Source records
BEGIN

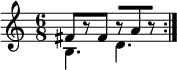 
\new Staff <<
 \new voice \relative c' {
  \clef treble
  \time 6/8
  \set Score.tempoHideNote = ##t \tempo 4. = 80
  \stemDown \repeat volta 2 { b4. d }
  }
  \new voice \relative c' {
  \stemUp \repeat volta 2 { fis8[ r fis] r[ a r] }
  }
>>
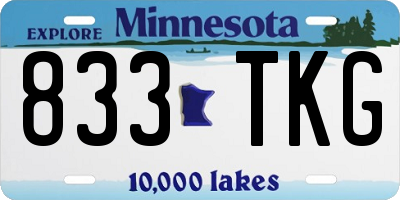 MN license plate 833TKG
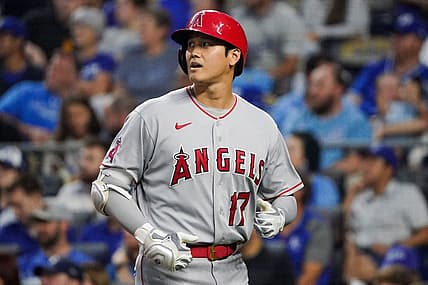 Jul 26, 2022; Kansas City, Missouri, USA; Los Angeles Angels designated hitter Shohei Ohtani (17) returns to the dugout after making an out against the Kansas City Royals during the game at Kauffman Stadium. Mandatory Credit: Denny Medley-USA TODAY Sports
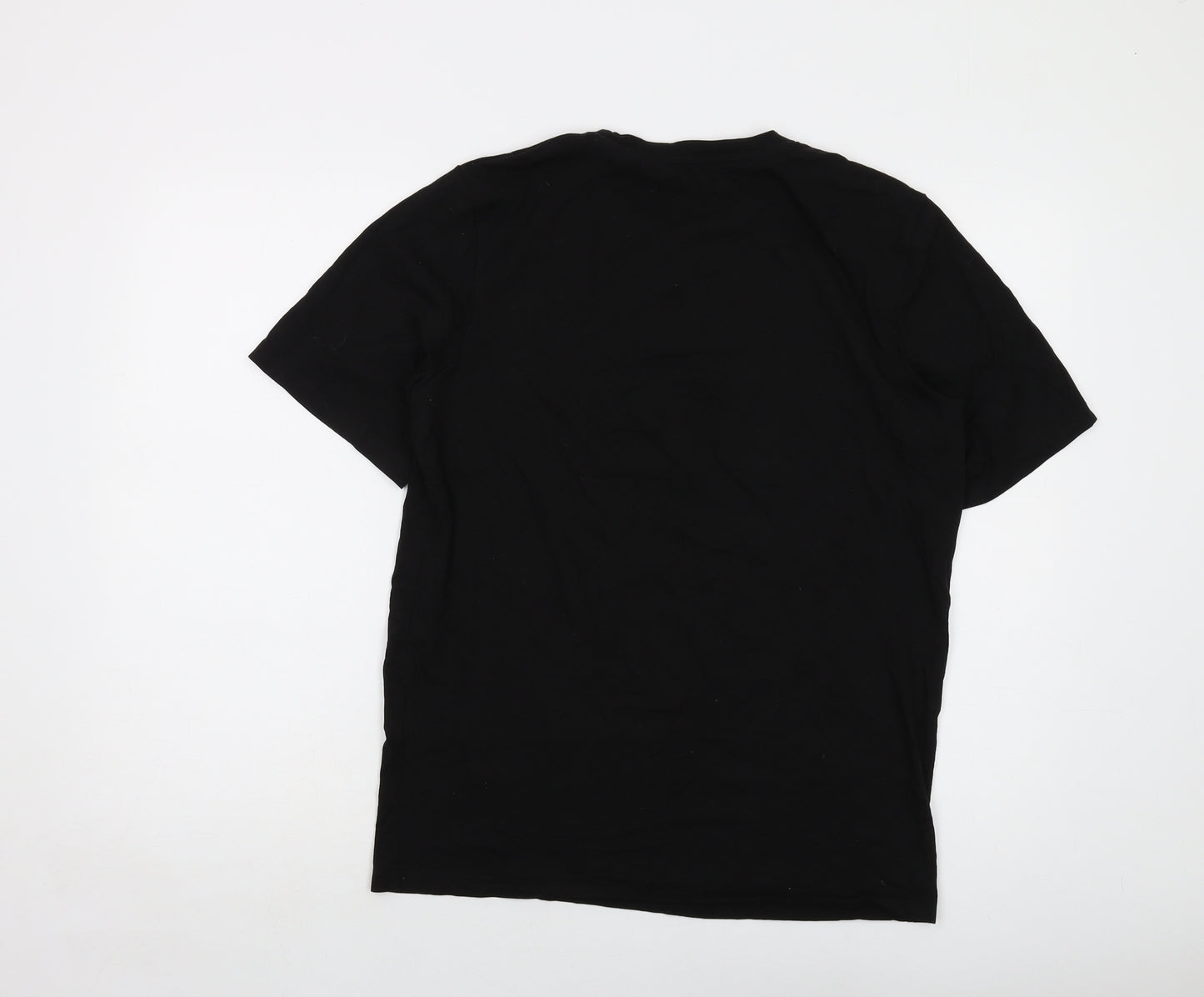 JACK & JONES Mens Black Cotton T-Shirt Size M Crew Neck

END

- **Required action**
In the records above, which lines hold the string "repeat"? Copy each one.

- **Answer space**
  \stemDown \repeat volta 2 { b4. d }
  \stemUp \repeat volta 2 { fis8[ r fis] r[ a r] }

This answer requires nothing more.